Related Work & Insights¶
- Directly relevant to RLHF data cleaning — non-transitivity in preference data may be a source of reward hacking, and cleaning preference data could fundamentally improve reward model quality.
- vs. Xu et al. (2025): They identify non-transitivity in GPT-4 evaluations but propose no solution; ELSPR provides a systematic graph-theoretic remedy.
- vs. Traditional Data Denoising Methods: General-purpose methods lack structural priors specific to preference data; ELSPR leverages the mathematical properties of tournament graphs for targeted filtering.
- vs.
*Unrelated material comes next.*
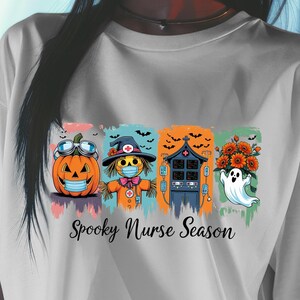 Puede incluir: Camiseta blanca con un diseño temático de Halloween. El diseño incluye una calabaza con gafas y una máscara, una enfermera espantapájaros, una casa embrujada y un fantasma con flores. El texto "Spooky Nurse Season" está impreso debajo.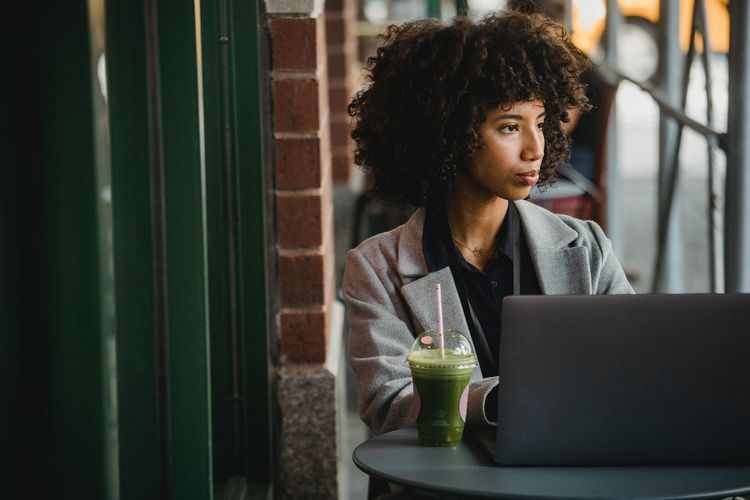 Freelance content creator is sitting and the café and working on content strategy to make out money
Canoe (AAAI 2026): Canoe addresses faithfulness (models failing to follow context), while ELSPR addresses consistency of the evaluator itself — the two are complementary, with the former improving evaluated models and the latter improving evaluators.
Rating¶
- Novelty: ⭐⭐⭐⭐⭐ The combination of graph theory, structural entropy, and preference data cleaning is highly original; SCC analysis precisely captures non-transitive preferences.
- Experimental Thoroughness: ⭐⭐⭐⭐ Cross-validation across 5 test sets, human validation, and cross-model validation; rigorously designed.
- Writing Quality: ⭐⭐⭐⭐ Formally rigorous; the derivation from tournament graphs to DAGs is clearly presented.
- Value: ⭐⭐⭐⭐⭐ Directly applicable to improving the reliability of LLM evaluation systems and the quality of RLHF data.